With all the tumultuousness in the air, Brewer and the band used their creative forces as an outlet. They needed to make a statement, and they did. Brewer was not writing songs at the time, but tough times pushed him to write. “We needed to come up with hit records,” he says. The band, as he admits, was broke and being forced out of the music business.
He described it as ‘sink or swim time.’ And not only did Grand Funk Railroad swim – they crushed waves with ‘We’re an American Band.’ The song is an ode to where the band has been – performing in city after city while being sued as well as a collaboration of past songs with a message to keep standing or crushing those waves – during tough times. The waves will always come – it’s about how you choose to ride them, right?
The truth is Grand Funk Railroad is more than ‘an American band.’ They have sold out venues in Canada, Europe, Japan and South America as well.
Through it all, like many bands, they did part ways more than once. But thankfully, the separation didn’t last forever. Brewer explains that the band went into retirement until the ’90s and mostly raised their children. With a new line up, the band has been solid for the past 18 years, and interestingly enough, Brewer shares ‘the past two years have been the best of the last 20 years.” I’ve said this before, and I’ll say it again – true rock never dies.
Is there a secret formula for cultivating a rock and roll song that truly never dies? Brewer has an idea – after all – he was and is a part of rock and roll history.
#1. It’s about the song.
#2. It’s about the performance.
#3. Least of all he says – it’s about the recording.
“Those are the three key elements. I think a lot of that is missing these days. Focus on recording before sound and presentation.”
As new generations are born, and technology continues to devour almost everything we do – it’s authenticity that stills rings true for a legendary rock artist. “There’s not bands in the studio recording anymore.” Brewer explains how bands are recording parts of songs separately or on a computer and as he states, “it’s just not the same.”
So, for more of the same – that old school rock and roll – delivered by the trailblazers or ‘pioneers’ – Grand Funk Railroad will be performing at Hard Rock Rocksino Northfield Park January 20 for a sold-out show. According to Brewer, not much has changed, although there are a ‘few new things.’ Most importantly, “The show is designed around the hits. We know that people want to hear the hits…”

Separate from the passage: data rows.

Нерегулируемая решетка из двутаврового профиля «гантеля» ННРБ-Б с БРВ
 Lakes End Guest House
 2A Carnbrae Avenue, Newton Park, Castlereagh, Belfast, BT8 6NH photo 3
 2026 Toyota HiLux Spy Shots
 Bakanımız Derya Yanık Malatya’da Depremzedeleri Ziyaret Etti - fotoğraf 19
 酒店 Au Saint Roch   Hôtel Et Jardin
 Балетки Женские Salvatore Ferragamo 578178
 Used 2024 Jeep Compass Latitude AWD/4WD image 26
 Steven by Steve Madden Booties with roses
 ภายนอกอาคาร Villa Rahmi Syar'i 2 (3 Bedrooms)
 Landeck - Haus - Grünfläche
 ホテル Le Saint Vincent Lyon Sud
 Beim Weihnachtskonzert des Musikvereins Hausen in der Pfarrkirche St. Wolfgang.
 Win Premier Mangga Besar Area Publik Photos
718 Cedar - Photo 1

At a Grand Funk Railroad show – it may feel like the ’70s never passed. I did mention ‘authenticity’ before. As Brewer confirms, “We’ve always delivered a high-energy rock and roll show, and that is what is always was.”
To go back to the pioneer days, the days before arena rock, and to get a taste of humble beginnings from Flint, Michigan, the show to see is Grand Funk Railroad.